Advice / APAC / Consumers/retail / Current events / Global / Industry

Have we entered a ‘new normal’ for trust in financial advice?

We’re waiting with bated breath to learn what the next CoreData Trust in Financial Services survey tells us about how financial advice is faring in the eyes of the Australian public.

Keen readers of New Model Adviser, and those who’ve seen presentations by CoreData in a range of forums over the past couple of years, will recall that trust in financial advice took something of a kicking when the Royal Commission into Misconduct in the Banking, Superannuation and Financial Services Industry got stuck into the industry in public hearings during April 2018. The hearings lasted less than two weeks – the industry was saved a full fortnight of discomfort by Anzac Day – but the effects of those hearings have been long lasting.

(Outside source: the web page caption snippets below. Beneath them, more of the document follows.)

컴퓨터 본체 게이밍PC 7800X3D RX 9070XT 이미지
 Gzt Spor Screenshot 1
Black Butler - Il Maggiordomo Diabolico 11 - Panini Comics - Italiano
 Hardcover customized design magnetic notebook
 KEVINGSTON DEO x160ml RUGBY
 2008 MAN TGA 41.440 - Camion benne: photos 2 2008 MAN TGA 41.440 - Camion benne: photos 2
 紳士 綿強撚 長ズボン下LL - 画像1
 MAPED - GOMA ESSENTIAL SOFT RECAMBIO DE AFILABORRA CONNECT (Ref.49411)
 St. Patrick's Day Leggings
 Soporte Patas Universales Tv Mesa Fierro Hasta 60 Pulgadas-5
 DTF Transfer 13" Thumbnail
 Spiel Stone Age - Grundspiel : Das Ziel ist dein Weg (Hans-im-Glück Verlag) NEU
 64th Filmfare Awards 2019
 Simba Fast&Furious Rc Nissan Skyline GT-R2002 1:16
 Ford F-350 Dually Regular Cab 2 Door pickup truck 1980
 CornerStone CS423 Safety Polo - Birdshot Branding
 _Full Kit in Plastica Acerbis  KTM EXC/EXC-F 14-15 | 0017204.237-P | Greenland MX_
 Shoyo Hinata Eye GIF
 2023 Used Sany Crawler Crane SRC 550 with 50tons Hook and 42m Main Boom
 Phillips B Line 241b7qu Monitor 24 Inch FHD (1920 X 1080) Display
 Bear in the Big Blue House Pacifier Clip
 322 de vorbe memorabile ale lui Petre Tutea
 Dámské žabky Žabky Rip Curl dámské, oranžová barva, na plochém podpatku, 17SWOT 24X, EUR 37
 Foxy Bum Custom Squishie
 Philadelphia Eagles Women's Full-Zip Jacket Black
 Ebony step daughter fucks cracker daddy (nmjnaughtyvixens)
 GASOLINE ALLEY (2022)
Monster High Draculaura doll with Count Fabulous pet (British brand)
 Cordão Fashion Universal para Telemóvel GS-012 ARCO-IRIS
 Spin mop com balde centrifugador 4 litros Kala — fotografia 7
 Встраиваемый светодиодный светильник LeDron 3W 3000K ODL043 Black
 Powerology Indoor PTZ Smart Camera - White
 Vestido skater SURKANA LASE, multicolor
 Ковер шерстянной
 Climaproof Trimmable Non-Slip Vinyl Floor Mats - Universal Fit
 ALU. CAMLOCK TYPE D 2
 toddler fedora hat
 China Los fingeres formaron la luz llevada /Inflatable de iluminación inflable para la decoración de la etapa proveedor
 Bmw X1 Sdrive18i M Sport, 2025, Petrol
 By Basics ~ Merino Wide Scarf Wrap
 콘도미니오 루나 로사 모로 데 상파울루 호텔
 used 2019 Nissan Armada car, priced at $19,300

Right after the royal commission’s public hearings the advice industry trust score plunged to about 35 per cent, and it bounced around between about 35 per cent and 40 per cent up until the second quarter of this year. CoreData’s trust survey in Q2 recorded a jump in the level of trust to 50.1 per cent. And it stayed there in Q3 (49.9 per cent). 

Before Commissioner Ken Hayne and his counsels assisting turned their attention to financial advice, the industry enjoyed a reasonably healthy level of trust. CoreData’s trust survey in the first quarter of 2018 put the figure at about 60 per cent. That is, 60 per cent of people surveyed said they rated their trust in financial advice as a six or higher on a scale from zero to 10, where zero meant no trust at all and 10 meant total trust. Not a stunning result (in our most recent survey the trust score for accounting, for example, is 64 per cent), but OK.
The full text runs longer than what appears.